__BRIEF__
Give again, exactly and without pictures, the lines running from the line with "accom-20.jpg" to the end of the records below.
☆ ☆ ☆ ☆
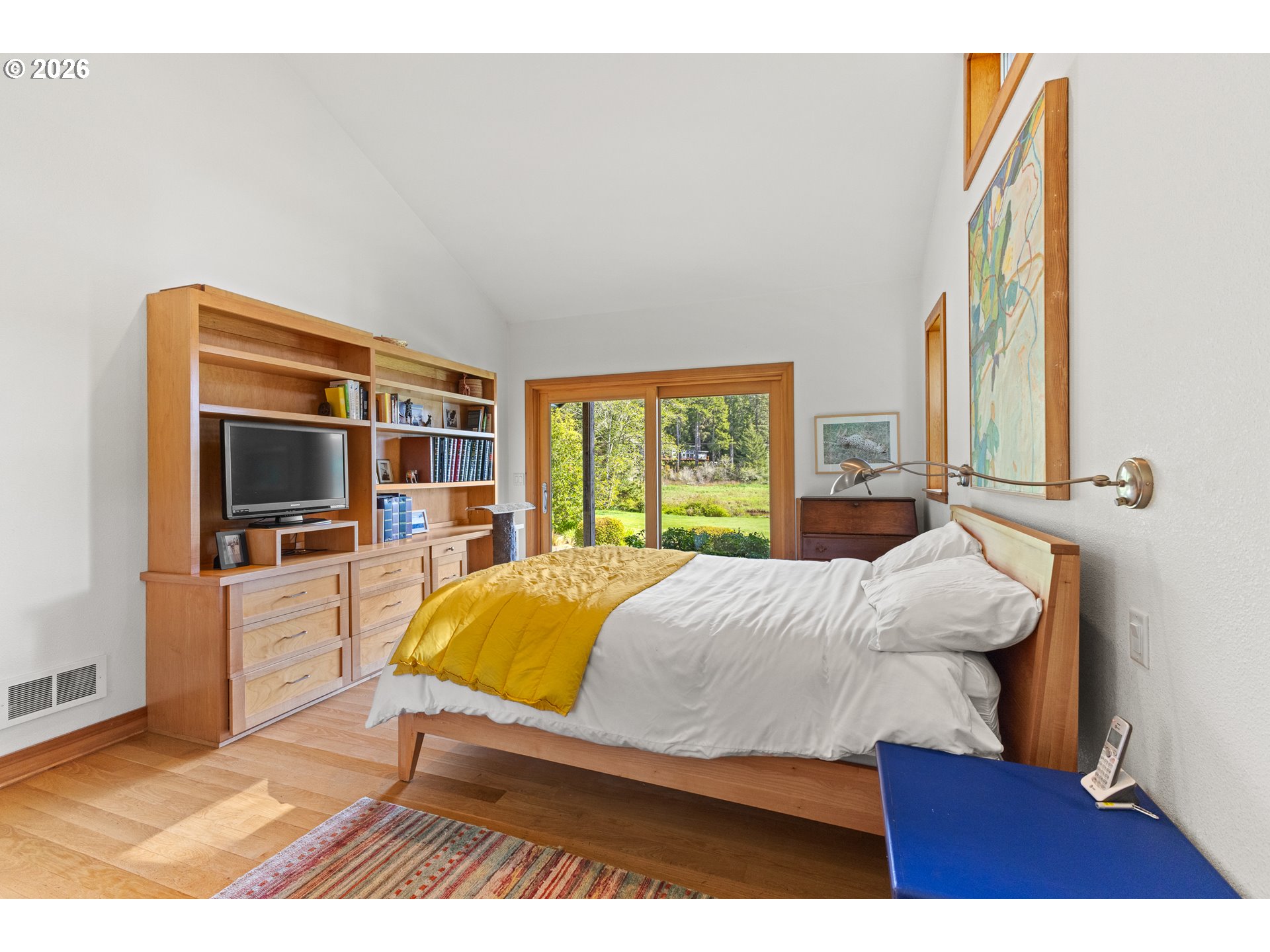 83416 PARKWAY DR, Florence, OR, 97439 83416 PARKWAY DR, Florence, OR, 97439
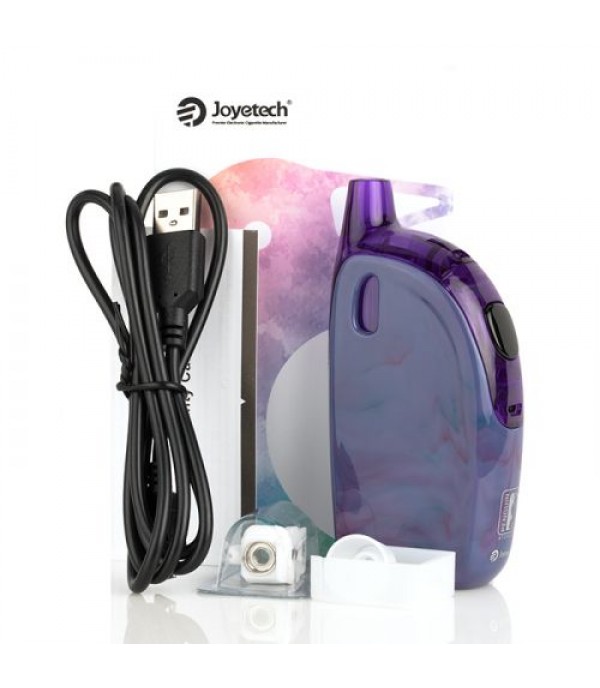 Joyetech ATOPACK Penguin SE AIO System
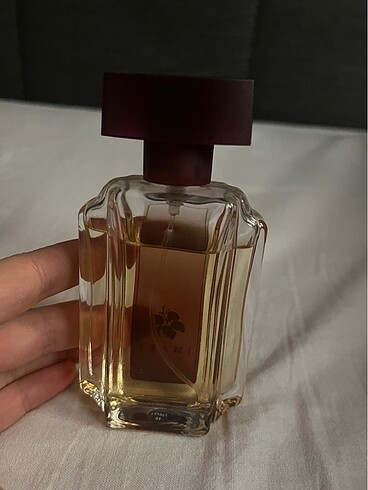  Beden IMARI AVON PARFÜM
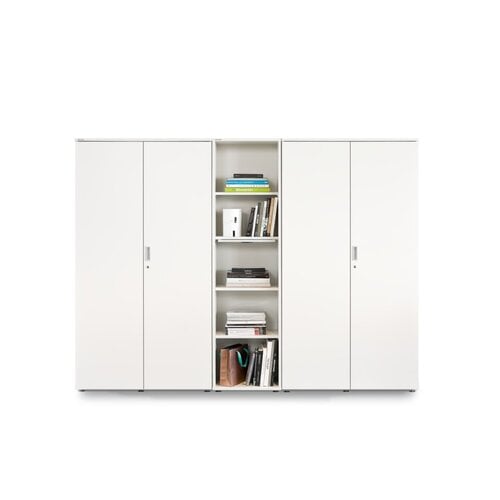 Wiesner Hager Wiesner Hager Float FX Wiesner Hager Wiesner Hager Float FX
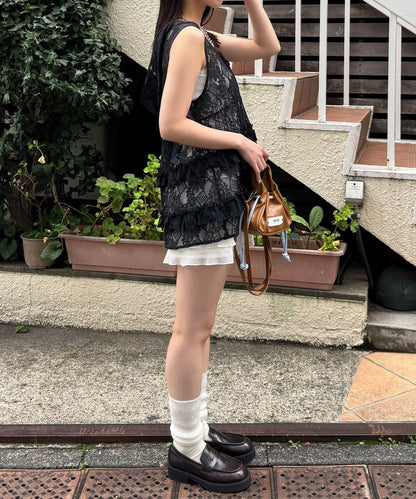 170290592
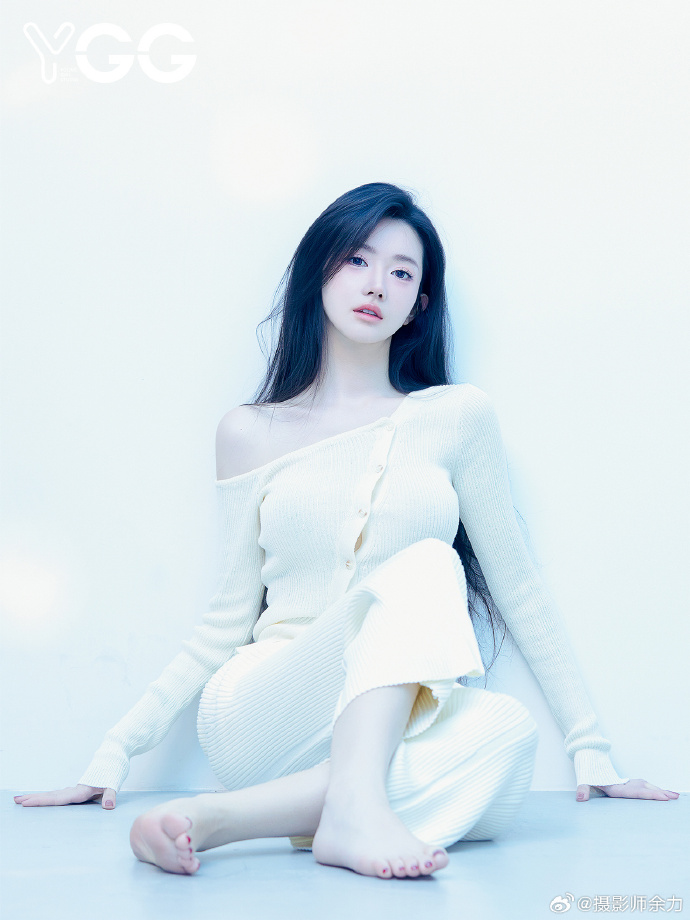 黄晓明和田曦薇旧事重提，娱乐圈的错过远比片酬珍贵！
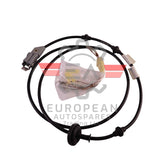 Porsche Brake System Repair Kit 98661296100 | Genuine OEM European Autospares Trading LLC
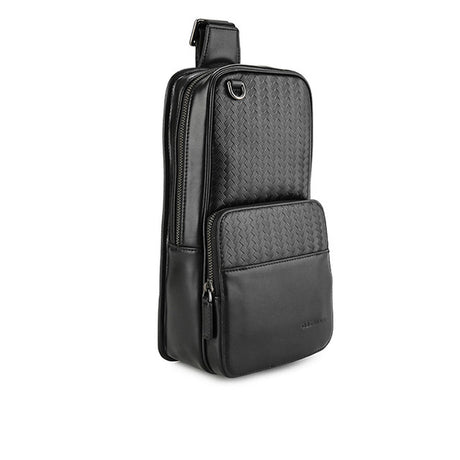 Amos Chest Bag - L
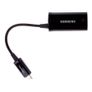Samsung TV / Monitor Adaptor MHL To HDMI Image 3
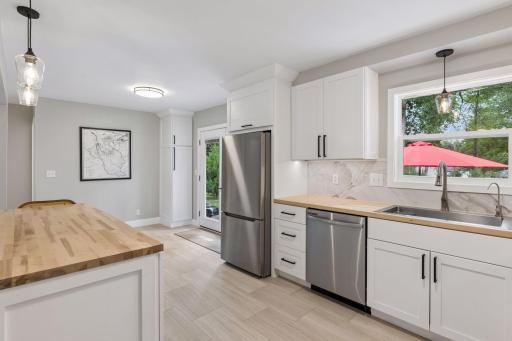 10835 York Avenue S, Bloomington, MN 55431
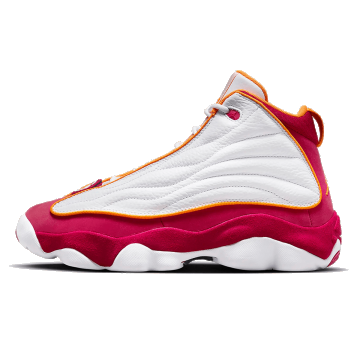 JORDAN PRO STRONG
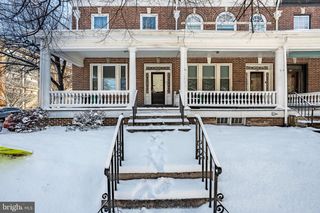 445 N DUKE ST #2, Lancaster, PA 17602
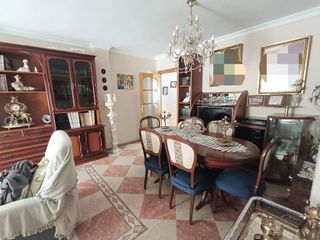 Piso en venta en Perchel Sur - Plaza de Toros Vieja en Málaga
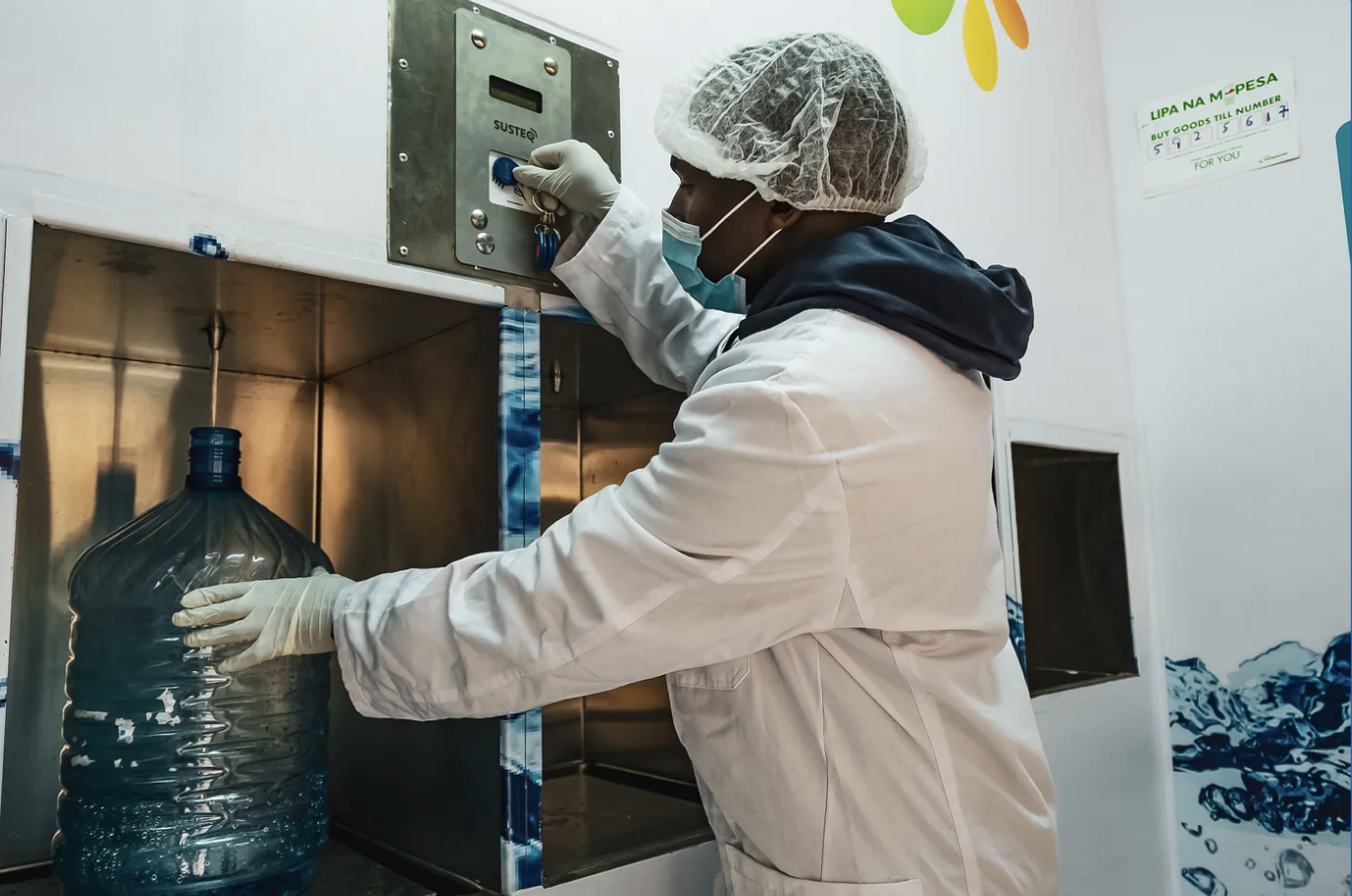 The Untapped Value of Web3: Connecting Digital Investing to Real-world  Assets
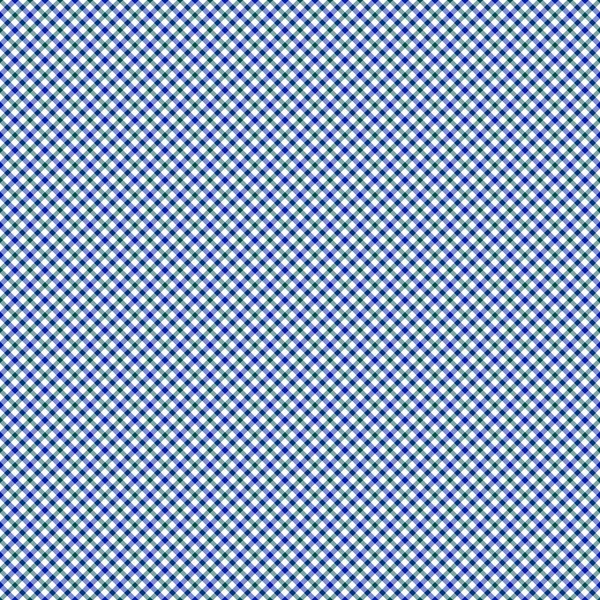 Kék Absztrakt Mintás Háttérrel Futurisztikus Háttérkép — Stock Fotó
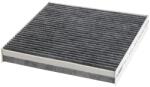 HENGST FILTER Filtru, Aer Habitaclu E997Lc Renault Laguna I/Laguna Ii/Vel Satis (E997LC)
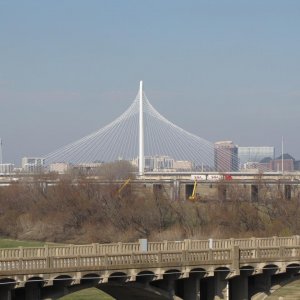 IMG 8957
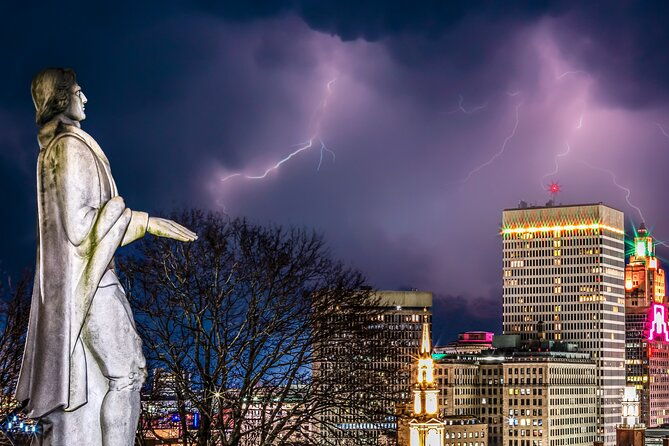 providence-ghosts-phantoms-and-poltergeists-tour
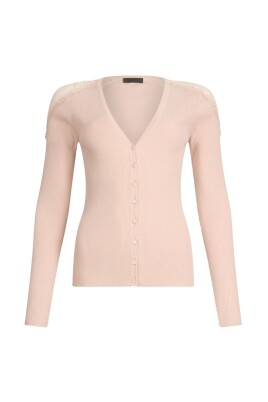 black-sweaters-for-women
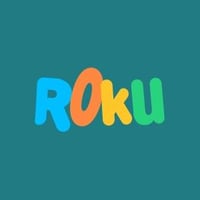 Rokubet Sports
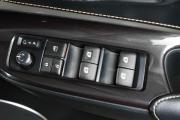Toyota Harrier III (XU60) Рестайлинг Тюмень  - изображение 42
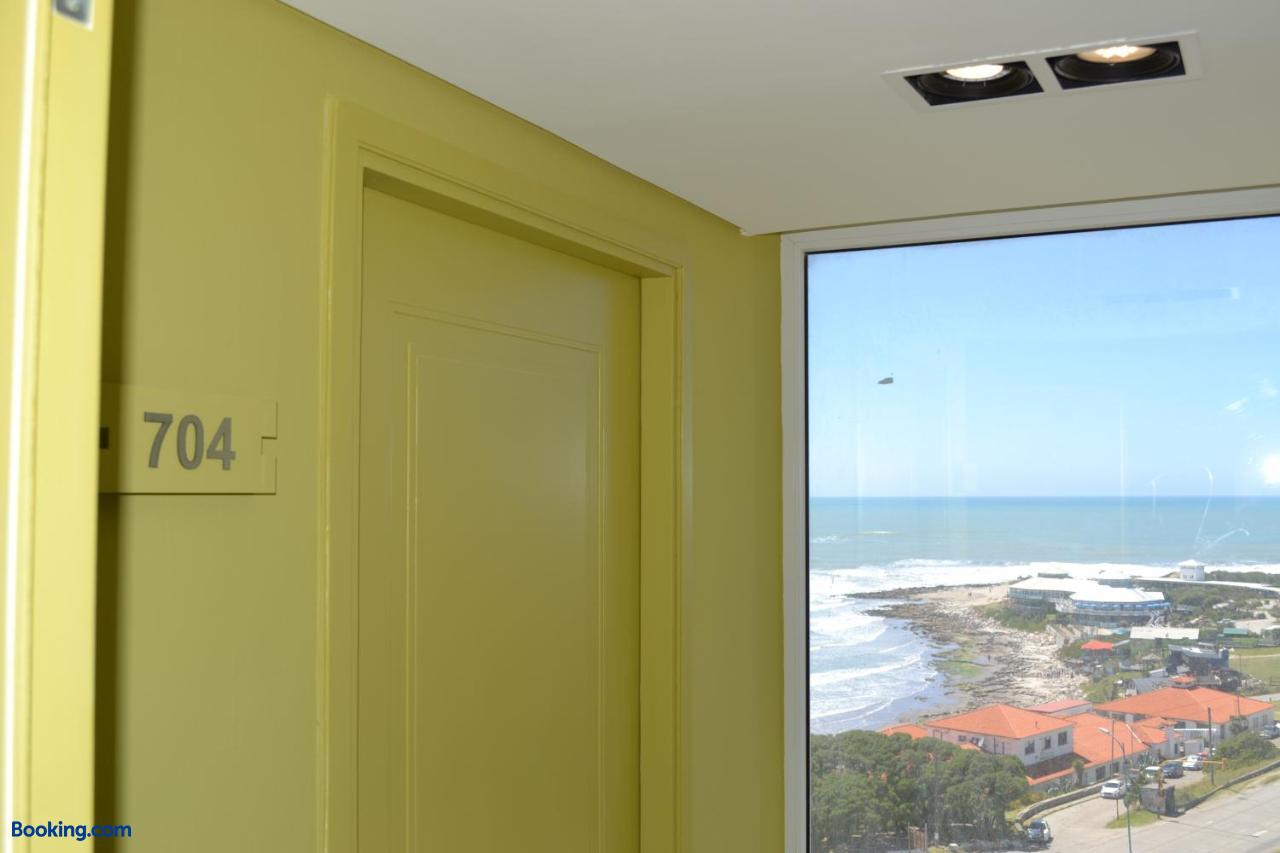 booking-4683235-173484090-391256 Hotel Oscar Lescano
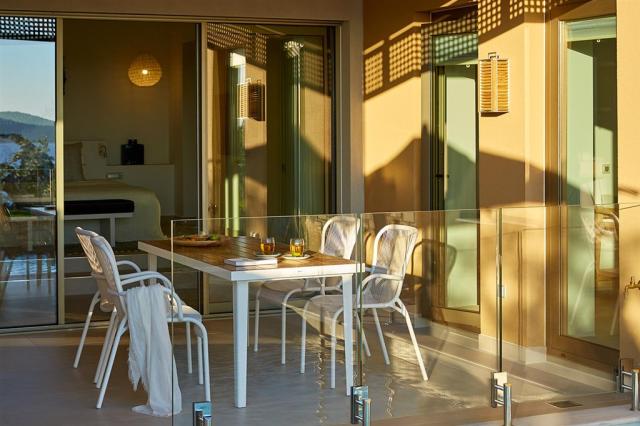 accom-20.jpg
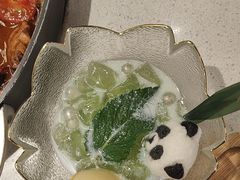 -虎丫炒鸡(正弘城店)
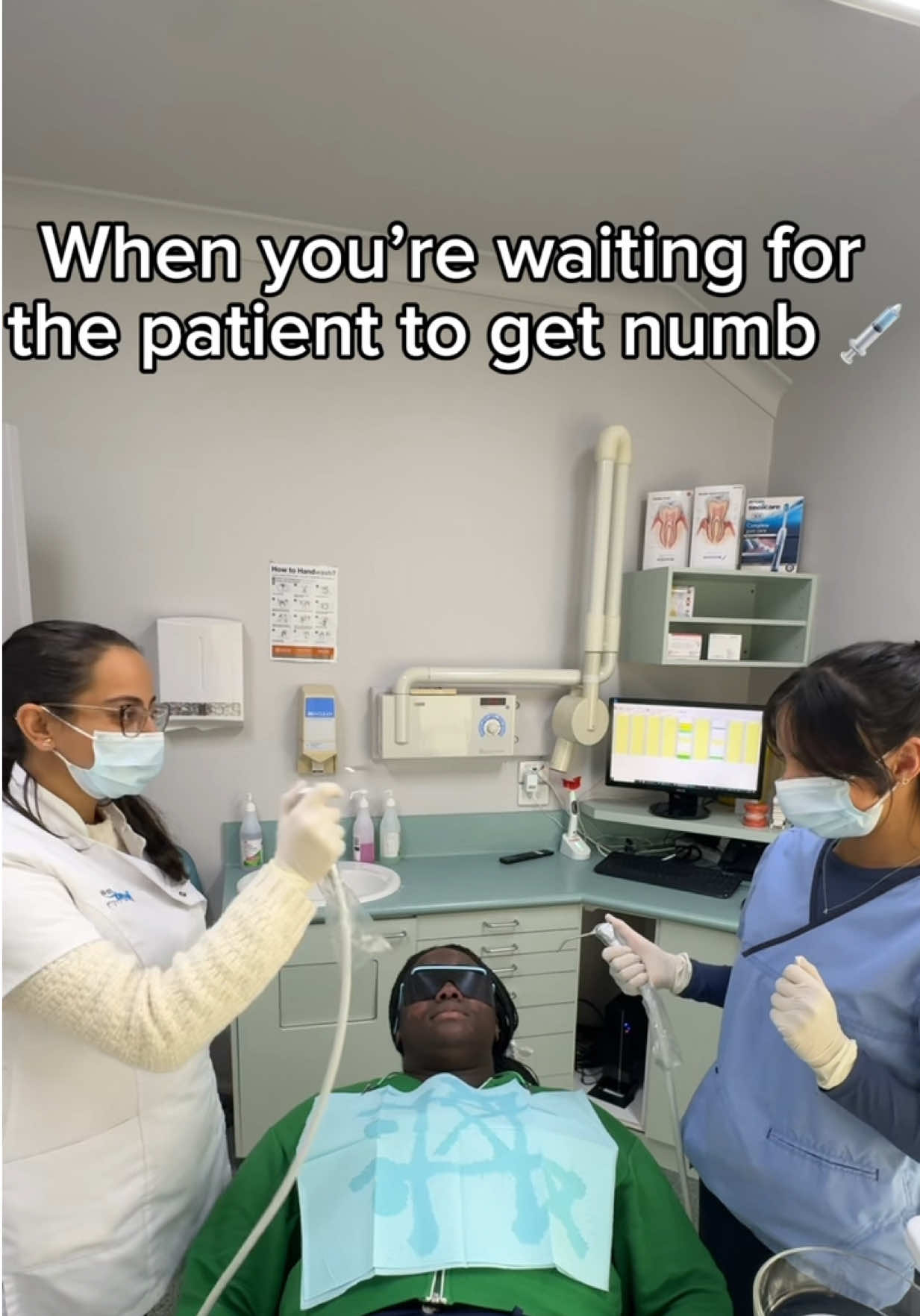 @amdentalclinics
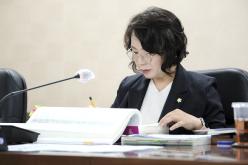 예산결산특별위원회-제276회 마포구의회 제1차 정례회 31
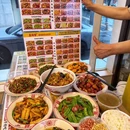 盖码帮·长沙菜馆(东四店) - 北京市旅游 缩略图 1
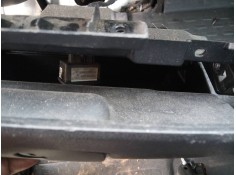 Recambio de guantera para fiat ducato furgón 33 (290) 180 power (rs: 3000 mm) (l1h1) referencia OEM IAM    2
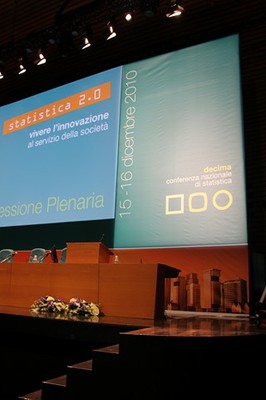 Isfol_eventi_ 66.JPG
☆ ☆ ☆ ☆
__ANSWER SECTION__
 accom-20.jpg
 -虎丫炒鸡(正弘城店)
 @amdentalclinics
 예산결산특별위원회-제276회 마포구의회 제1차 정례회 31
 盖码帮·长沙菜馆(东四店) - 北京市旅游 缩略图 1
 Recambio de guantera para fiat ducato furgón 33 (290) 180 power (rs: 3000 mm) (l1h1) referencia OEM IAM    2
 Isfol_eventi_ 66.JPG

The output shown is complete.